[Data for this task Boundary: Start]

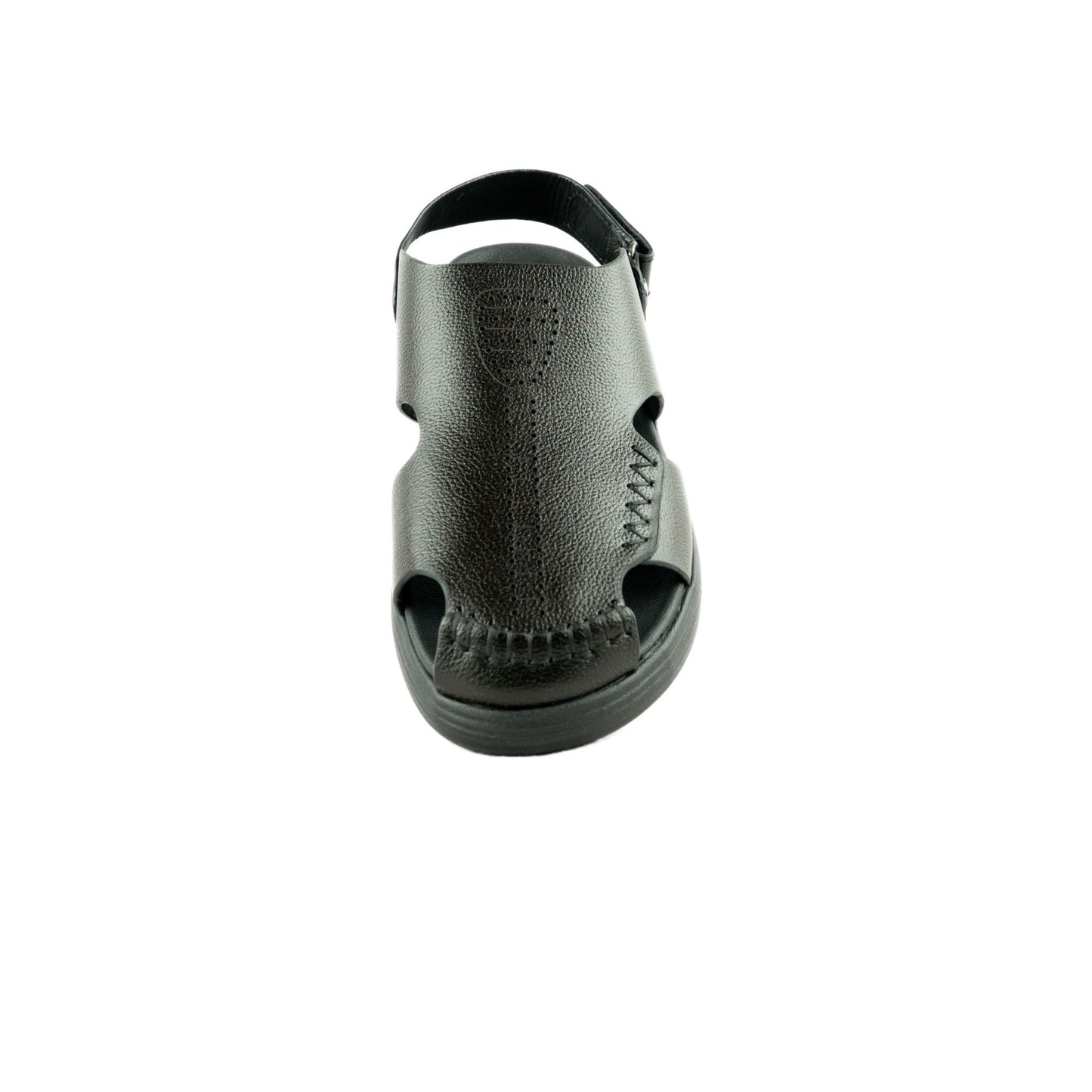 Men Back Belt Sandal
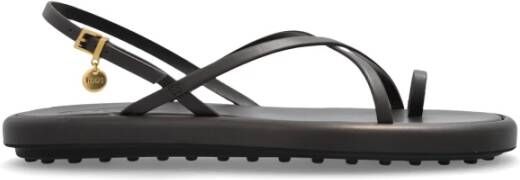 Tod's Leren sandalen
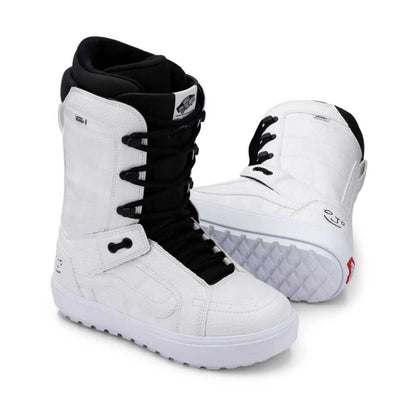 HI-Standard OG (Ojo White 26)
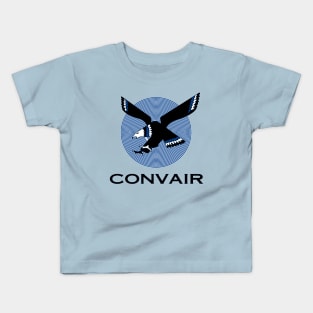 Convair Kids T-Shirt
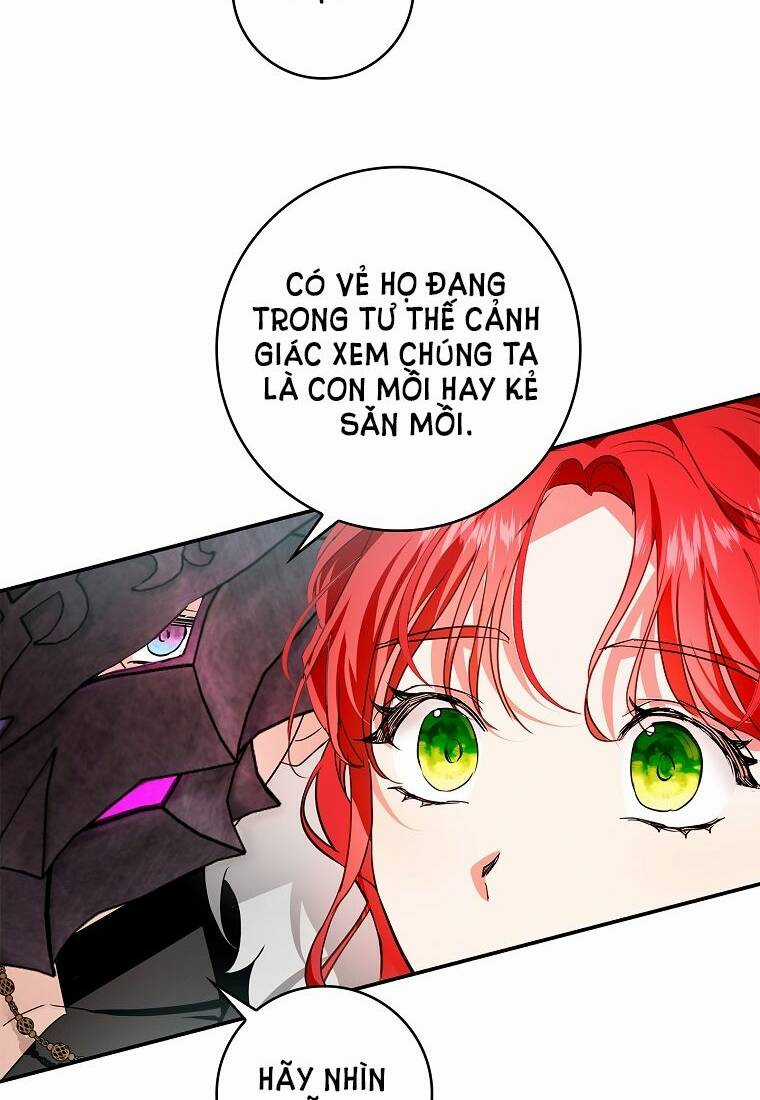 Hôn Phu Ẩn Sắc - Chapter 82.5 - Trang 6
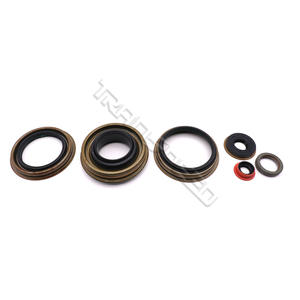 Kit di Revisione Trasmissione Automatica TRANSPEED 8F35 con Guarnizioni in Gomma e Guarnizione Coppa Olio per <span class=keywords><strong>Ford</strong></span> Edge <span class=keywords><strong>Focus</strong></span> dal <span class=keywords><strong>2018</strong></span> in poi - Product Image 4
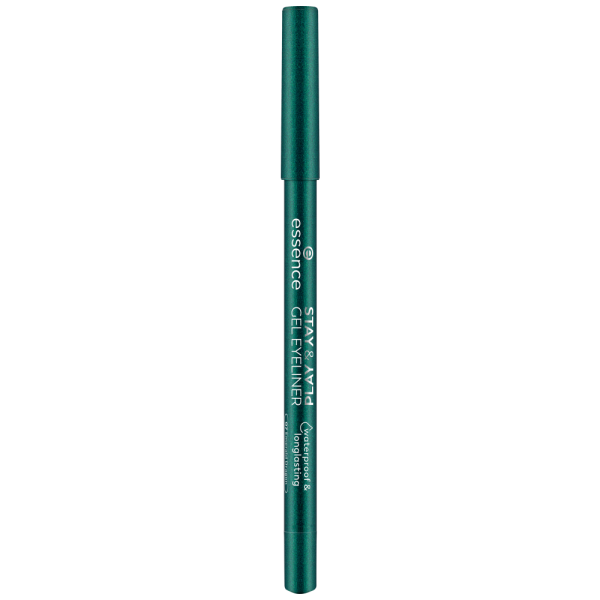 Stay & Play Gel Eyeliner - Image 48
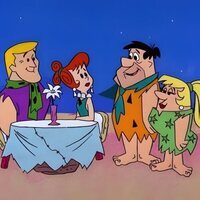 Foto de 'The Flintstones'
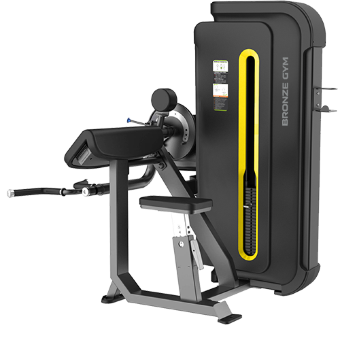 Бицепс/Трицепс сидя Bronze Gym BW-3087 Бицепс/Трицепс сидя Bronze Gym BW-3087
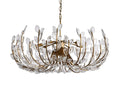Adela 8 Light Chandelier-Fanci Lamps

[Data for this task Boundary: End]

Instructions for the task — With the pictures left out, copy exactly the lines from the one containing "HI-Standard OG (Ojo White 26)" through the last line of the data.

Task solution —
 HI-Standard OG (Ojo White 26)
 Convair Kids T-Shirt
 Hôn Phu Ẩn Sắc - Chapter 82.5 - Trang 6
 Kit di Revisione Trasmissione Automatica TRANSPEED 8F35 con Guarnizioni in Gomma e Guarnizione Coppa Olio per <span class=keywords><strong>Ford</strong></span> Edge <span class=keywords><strong>Focus</strong></span> dal <span class=keywords><strong>2018</strong></span> in poi - Product Image 4
 Stay & Play Gel Eyeliner - Image 48
 Foto de 'The Flintstones'
 Бицепс/Трицепс сидя Bronze Gym BW-3087 Бицепс/Трицепс сидя Bronze Gym BW-3087
Adela 8 Light Chandelier-Fanci Lamps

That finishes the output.